A recent and very promising breakthrough has been made with the AMT-130 treatment. This is a drug that also targets the Huntington protein mRNA but is more directly administered [7]. It works by injecting viruses that code for specific microRNAs into affected brain regions. These microRNAs sequester the mRNA for the diseased Huntington protein and prevent it from being translated into active proteins [8]. While still in the process of being FDA-approved, there have been some promising clinical study results.
Twenty-nine Huntington Disease patients with Huntington’s Disease were given a one-time dose of AMT-130 directly to the brain through surgeries ranging from 8 to 10 hours. Patients were assigned to a high dose group or a low dose group in order to elucidate the dose-dependent effects [8]. In the seventeen individuals that were given the high dose, there was a 75% decrease in disease progression compared to individuals with the disease who did not receive the treatment in the first three years post-surgery [7]. Further supporting the treatment’s success and verifying its effect on a molecular level, researchers also saw a decrease in the misfolded protein in the spinal fluid of the treated individuals [8]. If this treatment continues to prove effective and is FDA-approved, it could drastically change outcomes for individuals with this devastating disease. Although the treatment development process is long and difficult, such revolutionary science allows for diseases like Huntington’s Disease to become a thing of the past.
Works Cited
Ajitkumar, Anitha, and Orlando De Jesus. “Huntington Disease.” PubMed, StatPearls Publishing, 2023, www.ncbi.nlm.nih.gov/books/NBK559166/.
Frank, Samuel. “Treatment of Huntington’s Disease.” Neurotherapeutics, vol. 11, no. 1, 24 Dec. 2014, pp. 153–160, www.ncbi.nlm.nih.gov/pmc/articles/PMC3899480/, https://doi.org/10.1007/s13311-013-0244-z.

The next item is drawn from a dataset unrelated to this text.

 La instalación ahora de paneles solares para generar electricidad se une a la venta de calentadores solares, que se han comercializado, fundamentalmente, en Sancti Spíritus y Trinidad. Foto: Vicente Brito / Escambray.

Gatto, Emilia M., et al. “Huntington Disease: Advances in the Understanding of Its Mechanisms.” Clinical Parkinsonism & Related Disorders, vol. 3, no. 2590-1125, 2020, p. 100056, https://doi.org/10.1016/j.prdoa.2020.100056.

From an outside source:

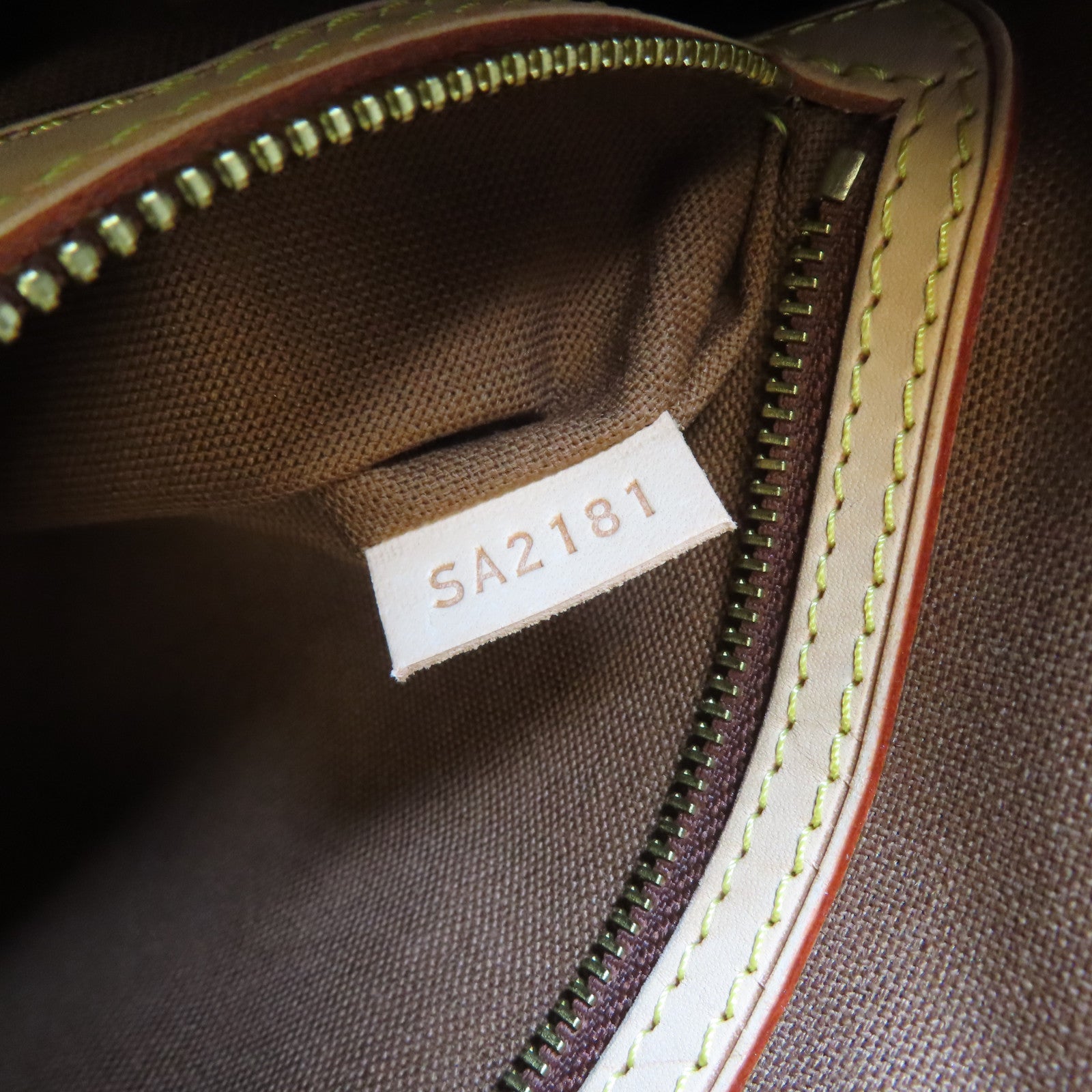 LOUIS VUITTON Monogram Batignolles金扣肩背袋啡色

Rojas, Natalia Gonzalez, et al. “Review of Huntington’s Disease: From Basics to Advances in Diagnosis and Treatment.” Journal of Neurology Research, vol. 12, no. 3, 22 Oct. 2022, pp. 93–113, www.neurores.org/index.php/neurores/article/view/721/701#s6, https://doi.org/10.14740/jnr.v12i3.721.
Huntington's Disease Society of America. “Therapies in Pipeline | Huntington’s Disease Society of America.” Hdsa.org, 2017, hdsa.org/hd-research/therapies-in-pipeline/.
Singh, Kuldeep, et al. “Emerging Pharmacological Approaches for Huntington’s Disease.” European Journal of Pharmacology, vol. 980, 1 Oct. 2024, pp. 176873–176873, https://doi.org/10.1016/j.ejphar.2024.176873.
Gaither, Katherine. “Breakthrough in Huntington’s Disease Treatment Shows Unprecedented Results for Patients - Heersink School of Medicine News.” Uab.edu, 3 Oct. 2025, www.uab.edu/medicine/news/neurology/breakthrough-in-huntingtons-disease-treatment-shows-unprecedented-results-for-patients.